Ohje, der Nicoll hat sich in seinem Kommunisten-Hass, den er mit Churchill teilt, ganz kräftig vergaloppiert. Das wird sogar schon in der lobenden Rezension bei Amazon deutlich:
Tatsächlich war Churchill genau wie seine Vorgänger in erster Linie Kommunistenhasser. Als Kämpfer gegen die gewählte Links-Regierung in Spanien waren Hitler und Mussolini den Briten gerade recht. Besetzung von Tschechien, Anschluss von Österreich, alles kein Problem für die Briten. Schließlich brachte das die Möglichkeit eines deutschen Angriffes auf die UdSSR näher.

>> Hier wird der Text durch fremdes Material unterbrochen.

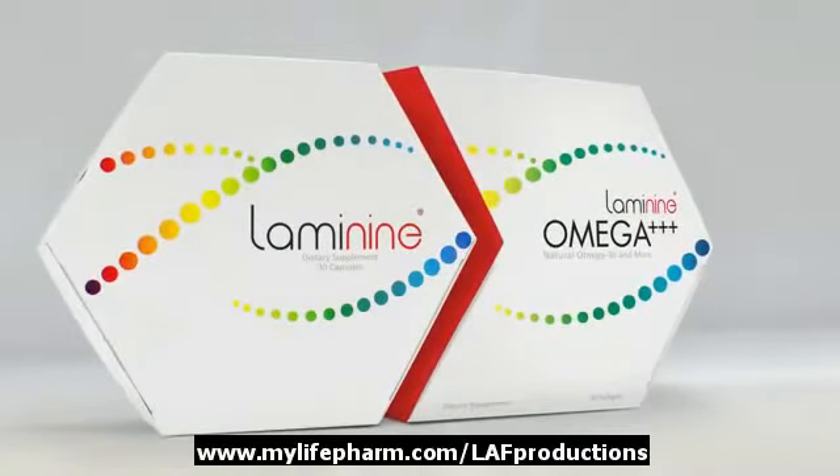Laminine Omega Plus, creating a clear road to total health. Available now.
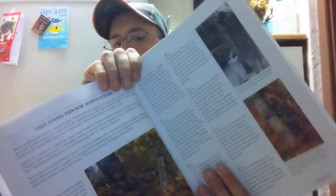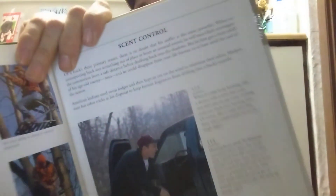Then you get into the perfect tree stand placement. It talks about tree stands for bow hunters, tree stand tips, tree stands for firearm hunters. Scent control tips for hunting deer. All kinds of stuff in here — trail cameras, all kinds of stuff about trail cameras.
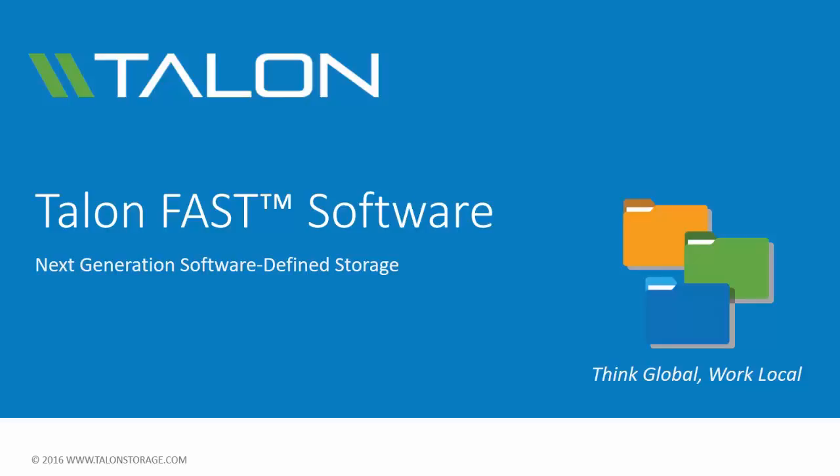Thanks for joining us as we introduce how Talon's next-generation software-defined storage solutions help enterprises solve critical challenges around distributed storage and IT infrastructure.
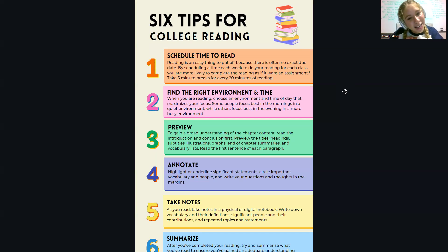My third tip is to preview. This is when you're getting into the actual reading. To gain a broad understanding of the chapter content, you're going to want to read the introduction and conclusion first, because those are typically really good summaries of what the entire chapter is covering.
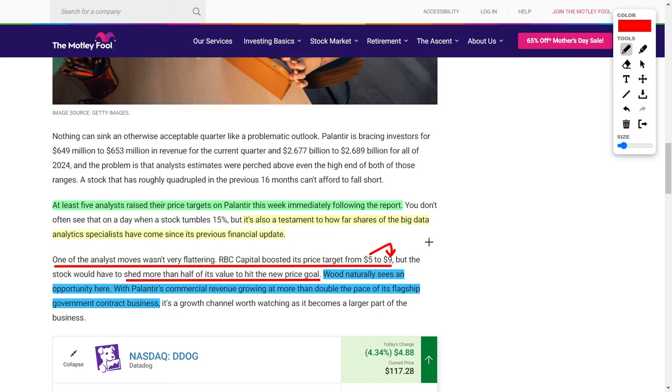In my opinion, the only reason the share price downtrended after earnings is because their forecast for next quarter wasn't as bullish as investors thought it should be. If investors were paying attention, Palantir's commercial revenue growth actually more than doubled the pace of their government contracting business, and eventually their commercial revenues will outpace their government segment. Once this happens, the sky is the limit. We've actually predicted this would happen for the last two years, so it's great to see it finally coming true.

Sauer wurden die Briten erst, als Hitler mit Stalin paktiert hat. Und als Hitler den Ostfeldzug startete, war das Chuchill ziemlich egal. Hauptsache die Deutschen würden nicht so stark, dass sie beherrschbar waren.
Der spätere US-Präsident Harry S.Truman fasste diese Position im Juni 1941 so zusammen:
„Wenn wir sehen, daß Deutschland gewinnt, sollten wir Rußland helfen, wenn Rußland gewinnt, sollten wir Deutschland helfen, damit sich auf diese Art und Weise soviel als möglich gegenseitig töten.“
Und so haben Briten und USA 1942 Stalin geholfen. Als die UdSSR das Blatt gewendet hatte und auf dem Vormarsch nach Westen war, da haben Briten und USA ganz schnell von Westen angegriffen, um sicherzugehen, dass Festlandeuropa nicht kommunistisch wird.
Als der Krieg gegen Deutschland gewonnen war, ließ Chruchill gar einen Plan - Operation Unthinkable heißt er - erstellen, um den Krieg gegen die Sowjetunion weiterzuführen und Russland zu erobern.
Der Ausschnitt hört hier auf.